Why are you a student in the honors program?
Thomas Lønn Hammer, honours student, University of Oslo.
The road I traveled to the honours program consisted of bumpy, intuitive jumps from one interest to the next. I always did well in school, but in 10th grade I was so bored that I decided to go the practical route. I went to a mechanical crafts school, where I learned to weld and use the lathe. For my 2nd year I specialized on the offshore oil industry, and from age 18 to 20 I worked as an apprentice on various oil rigs in the North Sea – making good money. Unfortunately, the apprenticeship ended just as the oil crisis arrived and I didn’t get to continue. Next, I decided to do engineering. Meanwhile though, having spent 3 months alone in Southeast Asia on a motorbike, my interests had shifted. Hence, my first exposure to academia was a one-year-programme in international development instead. Facilitated by Oslo Metropolitan University, I spent one semester in Vietnam, and the next semester in Ghana. Still unsure what to do, I finished another one-year-programme in psychology at UiO after I got back home.

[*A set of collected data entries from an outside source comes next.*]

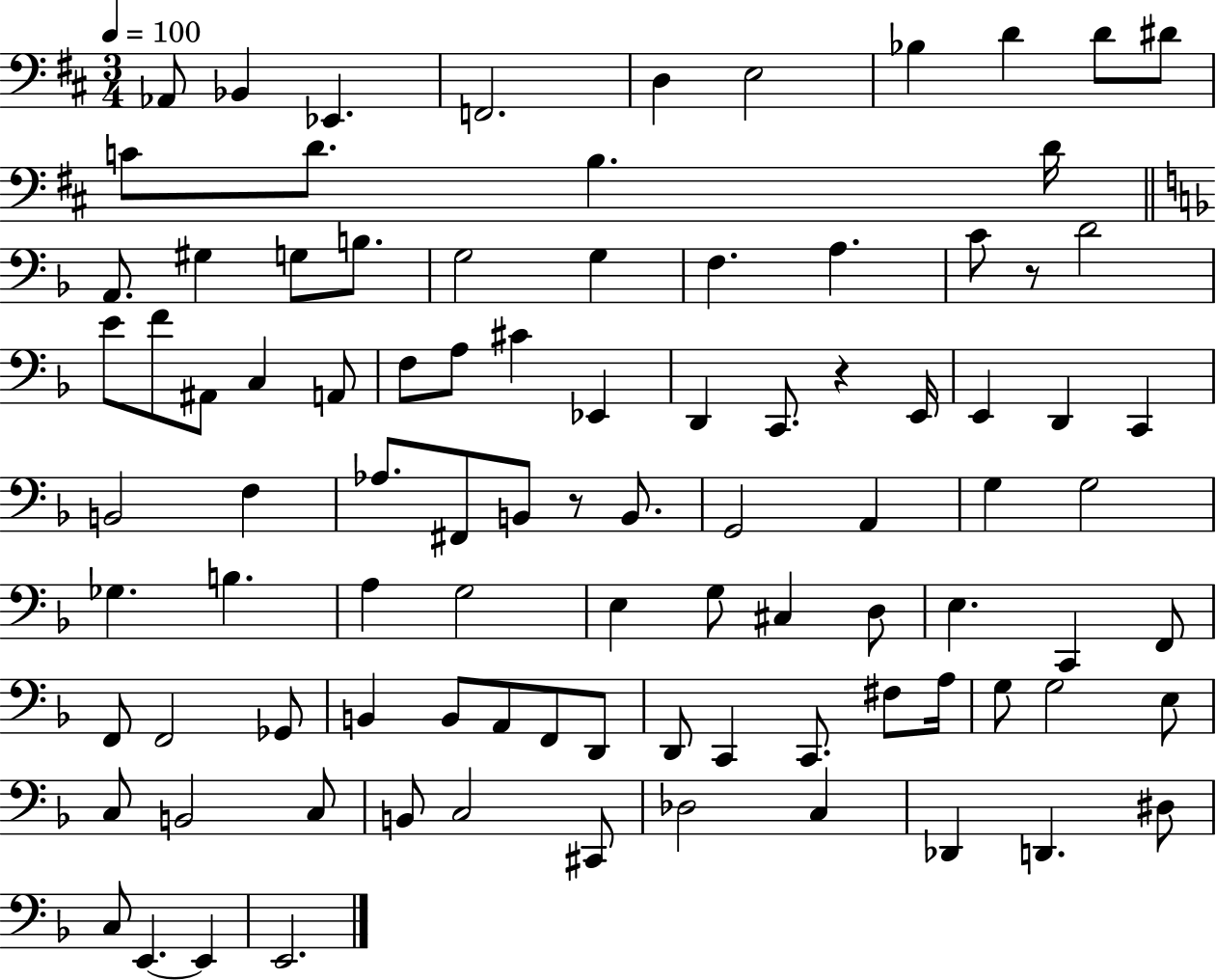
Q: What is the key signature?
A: D major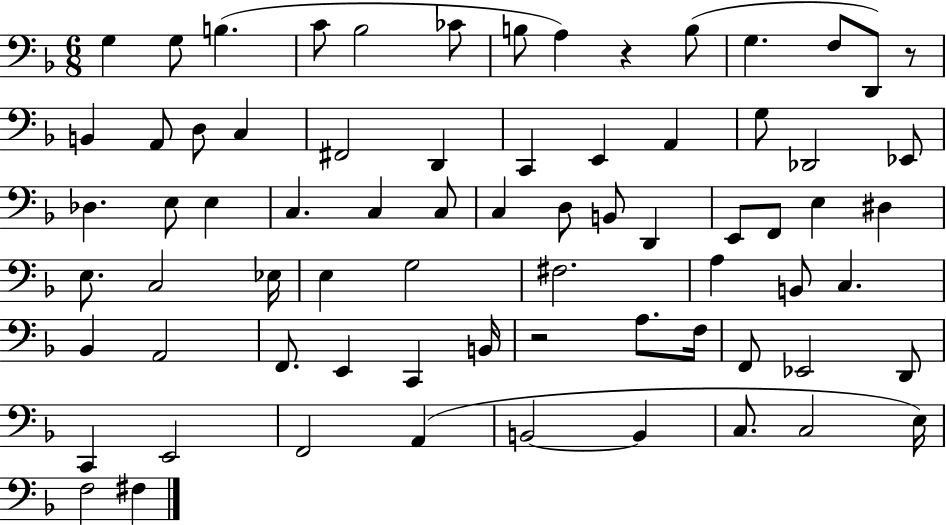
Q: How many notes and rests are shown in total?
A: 72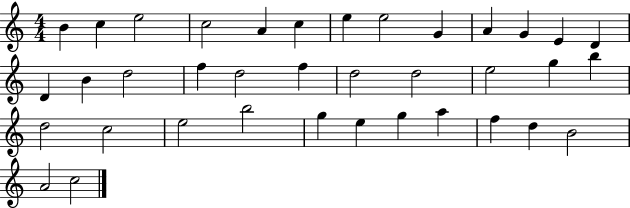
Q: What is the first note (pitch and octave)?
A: B4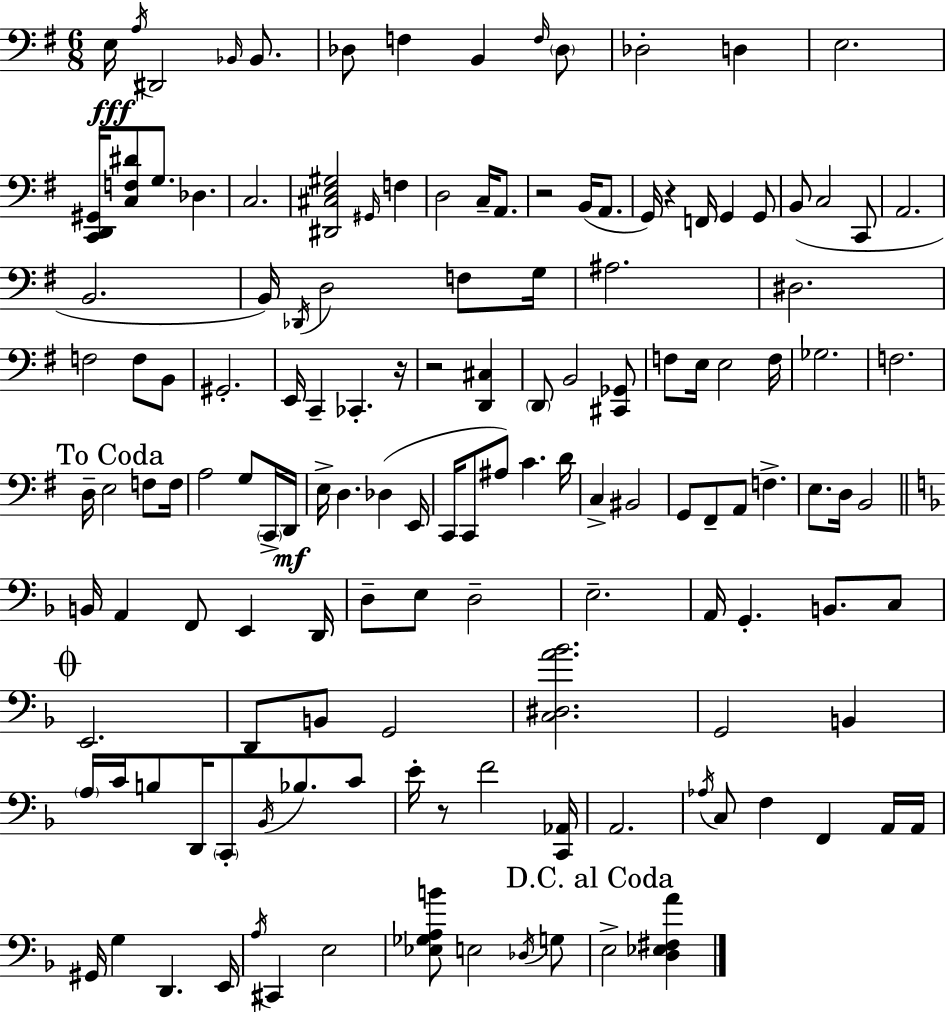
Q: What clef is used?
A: bass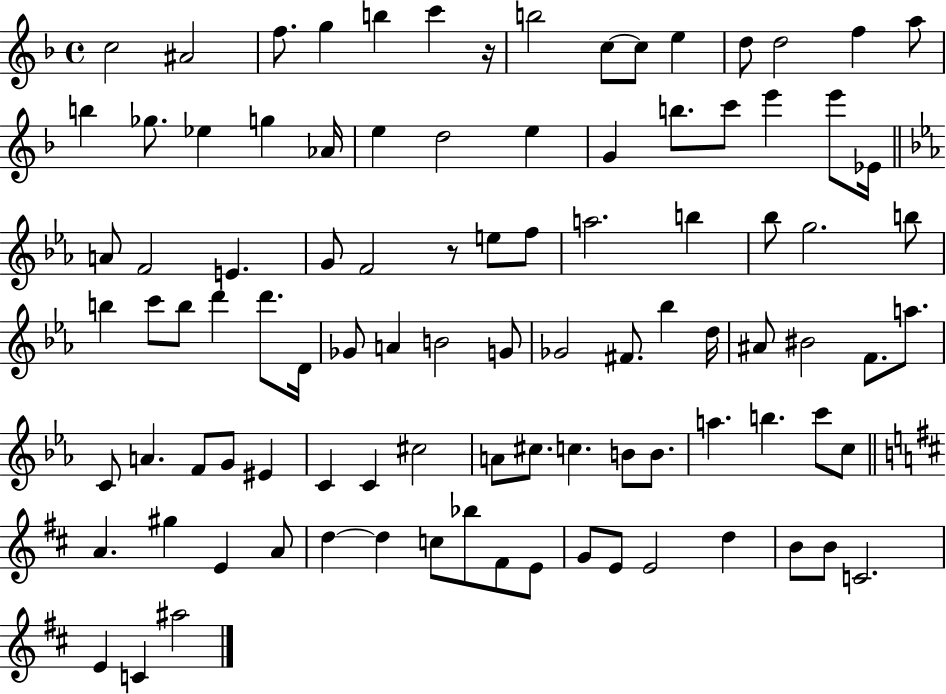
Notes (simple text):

C5/h A#4/h F5/e. G5/q B5/q C6/q R/s B5/h C5/e C5/e E5/q D5/e D5/h F5/q A5/e B5/q Gb5/e. Eb5/q G5/q Ab4/s E5/q D5/h E5/q G4/q B5/e. C6/e E6/q E6/e Eb4/s A4/e F4/h E4/q. G4/e F4/h R/e E5/e F5/e A5/h. B5/q Bb5/e G5/h. B5/e B5/q C6/e B5/e D6/q D6/e. D4/s Gb4/e A4/q B4/h G4/e Gb4/h F#4/e. Bb5/q D5/s A#4/e BIS4/h F4/e. A5/e. C4/e A4/q. F4/e G4/e EIS4/q C4/q C4/q C#5/h A4/e C#5/e. C5/q. B4/e B4/e. A5/q. B5/q. C6/e C5/e A4/q. G#5/q E4/q A4/e D5/q D5/q C5/e Bb5/e F#4/e E4/e G4/e E4/e E4/h D5/q B4/e B4/e C4/h. E4/q C4/q A#5/h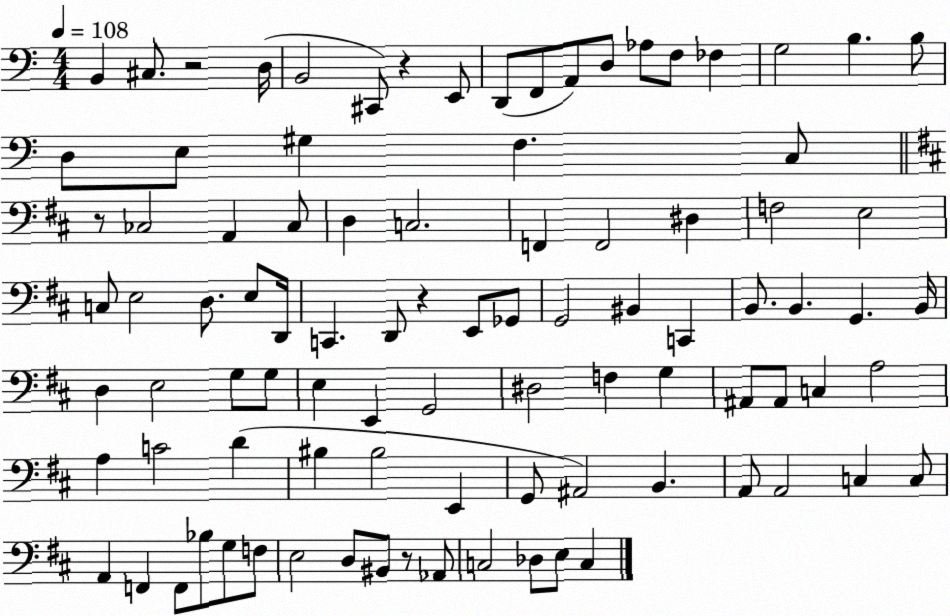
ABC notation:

X:1
T:Untitled
M:4/4
L:1/4
K:C
B,, ^C,/2 z2 D,/4 B,,2 ^C,,/2 z E,,/2 D,,/2 F,,/2 A,,/2 D,/2 _A,/2 F,/2 _F, G,2 B, B,/2 D,/2 E,/2 ^G, F, C,/2 z/2 _C,2 A,, _C,/2 D, C,2 F,, F,,2 ^D, F,2 E,2 C,/2 E,2 D,/2 E,/2 D,,/4 C,, D,,/2 z E,,/2 _G,,/2 G,,2 ^B,, C,, B,,/2 B,, G,, B,,/4 D, E,2 G,/2 G,/2 E, E,, G,,2 ^D,2 F, G, ^A,,/2 ^A,,/2 C, A,2 A, C2 D ^B, ^B,2 E,, G,,/2 ^A,,2 B,, A,,/2 A,,2 C, C,/2 A,, F,, F,,/2 _B,/2 G,/2 F,/2 E,2 D,/2 ^B,,/2 z/2 _A,,/2 C,2 _D,/2 E,/2 C,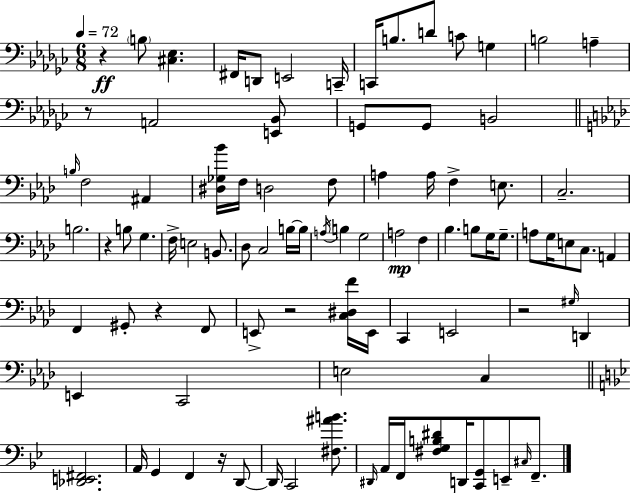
X:1
T:Untitled
M:6/8
L:1/4
K:Ebm
z B,/2 [^C,_E,] ^F,,/4 D,,/2 E,,2 C,,/4 C,,/4 B,/2 D/2 C/2 G, B,2 A, z/2 A,,2 [E,,_B,,]/2 G,,/2 G,,/2 B,,2 B,/4 F,2 ^A,, [^D,_G,_B]/4 F,/4 D,2 F,/2 A, A,/4 F, E,/2 C,2 B,2 z B,/2 G, F,/4 E,2 B,,/2 _D,/2 C,2 B,/4 B,/4 A,/4 B, G,2 A,2 F, _B, B,/2 G,/4 G,/2 A,/2 G,/4 E,/2 C,/2 A,, F,, ^G,,/2 z F,,/2 E,,/2 z2 [C,^D,F]/4 E,,/4 C,, E,,2 z2 ^G,/4 D,, E,, C,,2 E,2 C, [_D,,E,,^F,,]2 A,,/4 G,, F,, z/4 D,,/2 D,,/4 C,,2 [^F,^AB]/2 ^D,,/4 A,,/4 F,,/4 [^F,G,B,^D]/2 D,,/4 [C,,G,,]/2 E,,/2 ^C,/4 F,,/2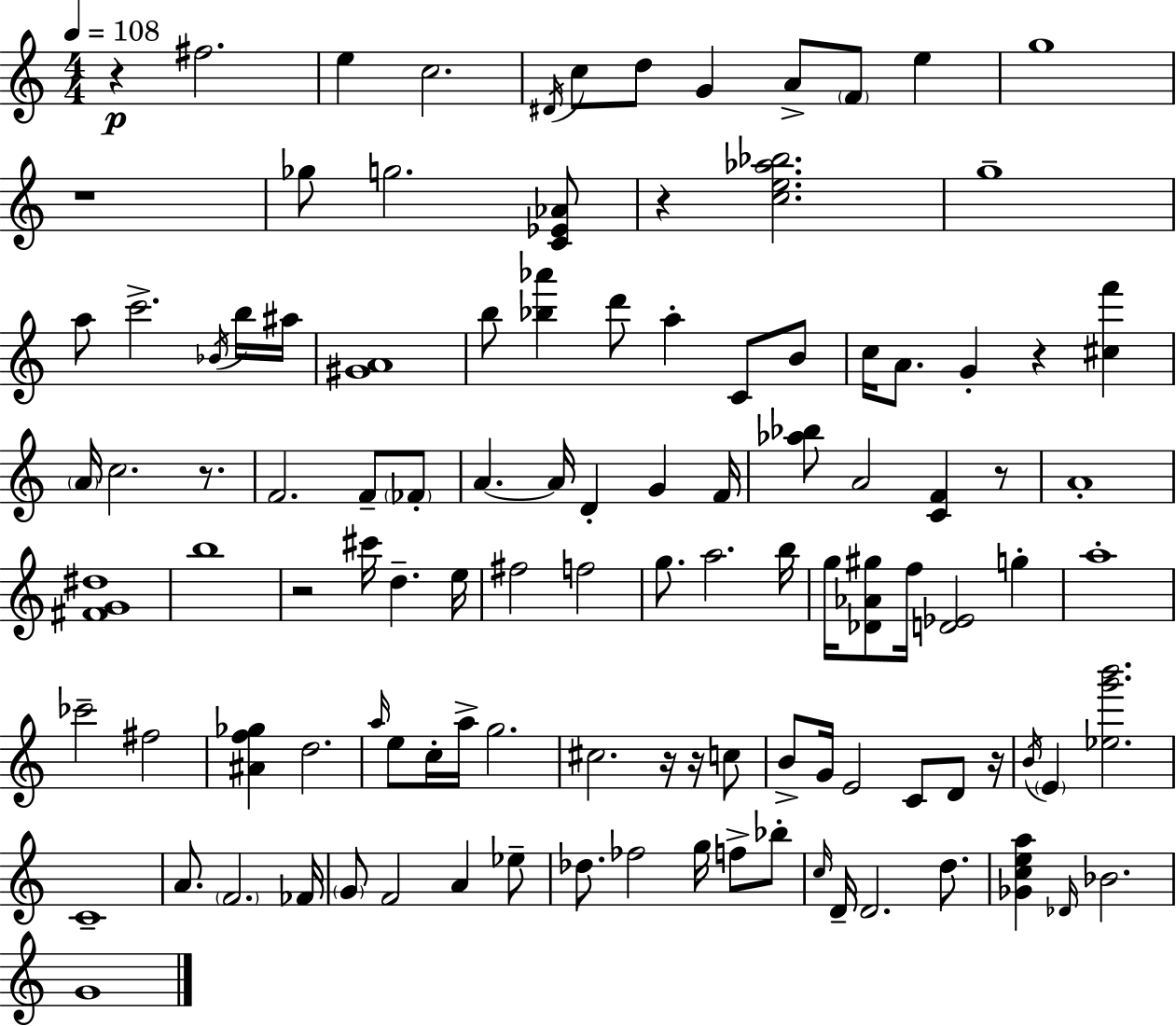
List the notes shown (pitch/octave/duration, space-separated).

R/q F#5/h. E5/q C5/h. D#4/s C5/e D5/e G4/q A4/e F4/e E5/q G5/w R/w Gb5/e G5/h. [C4,Eb4,Ab4]/e R/q [C5,E5,Ab5,Bb5]/h. G5/w A5/e C6/h. Bb4/s B5/s A#5/s [G#4,A4]/w B5/e [Bb5,Ab6]/q D6/e A5/q C4/e B4/e C5/s A4/e. G4/q R/q [C#5,F6]/q A4/s C5/h. R/e. F4/h. F4/e FES4/e A4/q. A4/s D4/q G4/q F4/s [Ab5,Bb5]/e A4/h [C4,F4]/q R/e A4/w [F#4,G4,D#5]/w B5/w R/h C#6/s D5/q. E5/s F#5/h F5/h G5/e. A5/h. B5/s G5/s [Db4,Ab4,G#5]/e F5/s [D4,Eb4]/h G5/q A5/w CES6/h F#5/h [A#4,F5,Gb5]/q D5/h. A5/s E5/e C5/s A5/s G5/h. C#5/h. R/s R/s C5/e B4/e G4/s E4/h C4/e D4/e R/s B4/s E4/q [Eb5,G6,B6]/h. C4/w A4/e. F4/h. FES4/s G4/e F4/h A4/q Eb5/e Db5/e. FES5/h G5/s F5/e Bb5/e C5/s D4/s D4/h. D5/e. [Gb4,C5,E5,A5]/q Db4/s Bb4/h. G4/w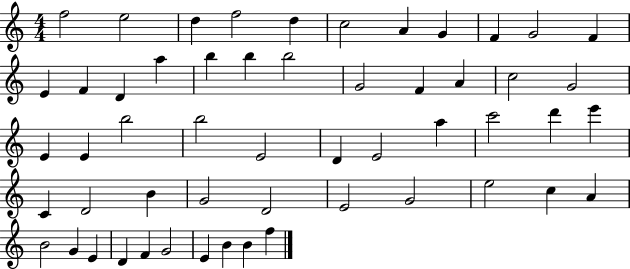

Many things had changed since 10th grade, and this time around I had an immense intellectual inspiration and conscientiousness. Not for the curricula necessarily, instead I had discovered the pleasure of reading non-fiction books, based entirely on where my interests brought me. Eventually that lead to philosophy, and finally I felt at home. As if that wasn’t lucky enough, UiO was going to start an interdisciplinary program, combining my 3 favorite academic interests: philosophy, artificial intelligence and interdisciplinarity. I applied and luckily got accepted. The dissatisfaction I felt towards academia has evaporated since, and I enjoy the program a lot. It scratches the previously unscratchable itch of free flowing, creative play of big ideas. That’s why I am an honours student I think, because it allows me to think big.